Now, with tensions varied, and specifics scarce, one might easily anticipate what can be a muddled sort of market into the holiday weekend. However, we continue to be a bit alert for hourly-basis upside shots, even if they're of questionable sustainability. In this case, in addition to occasional pre-holiday short-covering sprees, there is always the technical aspect; a market that is trying to hold from the vicinity of the S&P's daily moving average, and (by so doing) attempting to suggest (reserved). This is going to be dicey or potentially unresolved, for even an extended period of time, as the market thrusts ahead for an assault on overhead psychological (noted) resistance, but likely finds it hard, if not impossible, to yet stimulate enough enthusiasm to attack that key weekly resistance level, a bit higher.
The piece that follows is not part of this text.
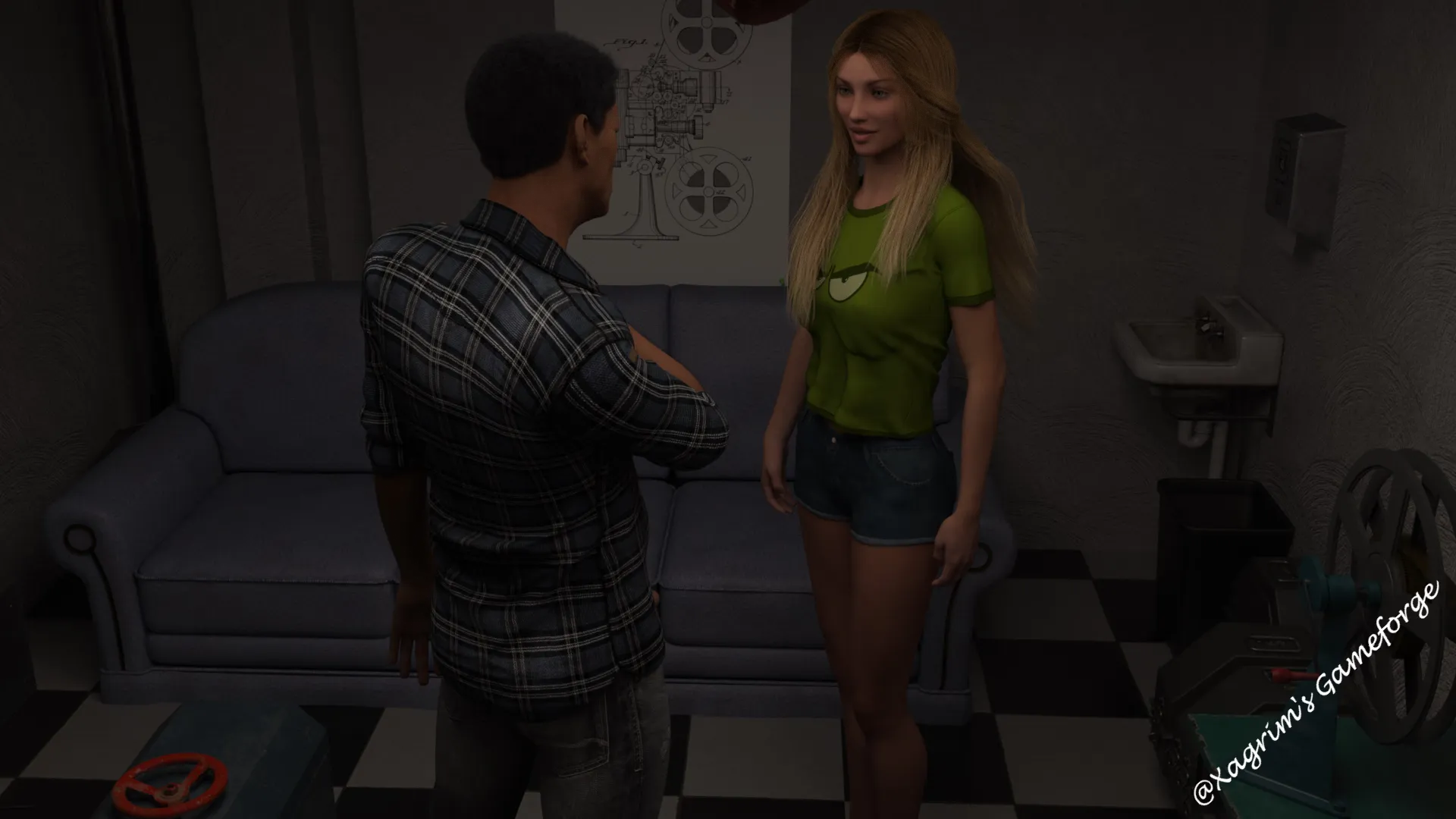 The Promise gameplay screenshot 2 (Ren'Py adult game) by Xagrim's Gameforge – free download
There is a tad better-case scenario (reserved).

….That creates another one of the bifurcated markets (not all the time, but at times), which isn't comforting to a majority of equity participants who want to reflect on what 'the market' is doing, but to a great degree is an appropriate statement of what the overall market actually is doing. (reserved portion). Then, if enough negativity flows forth, we can speculate about some improvement, provided such negativity's merely based on market psychology, not physical attacks occurring.

In summary . . little is changed anytime soon; with economic reports coming in the morning likely notably not deteriorating in any significant manner. One figure that is dropping, is the number of new mortgage applications, but if you look at it all closely, sales as a percentage of inventory are gradually improving in many desirable areas.

As to McClellan Oscillator readings: improving a tad from near oversold; with a read of -83 for the NYSE; with relative stability for NASDAQ; down to -20 (ideally a test of the recent breakout, we suggested Tuesday, but we'll see what daily events bring as we digest today's rebound and try to revive it). Remember once mechanical after-the-fact buy signals occur; they sometimes (as noted) precede profit-taking, but overall are a plus from a grander perspective; affirming basically about everything thought about these markets over recent weeks; but, which to resume, longer-run, depend on events. That's why technicals cannot change fundamental aspects, especially amidst constant drones of 'alerts', that until wolf-crying proportion, keep investors very edgy.

Our prayers and thoughts remain with our troops fighting anywhere in the world, and as events of this week explicitly continue to remind us of various new risks the Allied fighting forces face, or may face, we try to keep in mind that the unexpected remains a risk as civilization cheers human progress, but worries about those trying to reverse hundreds of years of modernity. Got over-the-weekend warnings the new week didn't have a chance to try to extend the move before fading and rebounding, which would likely have been the outcome anyway, before a pre-holiday rebound attempt. Keep in mind that further rallies will more clearly deal with challenging important overheads; just as short-term declines, were expected to be resisted in terms of undoing all that was gained before, as noted last night, hours ahead today's turnaround, in harmony with a fairly classic set-up ahead of Memorial Day; albeit again of a temporary nature. Mid-evening S&P futures up 40 with near a -92 discount. Enjoy the holiday weekend!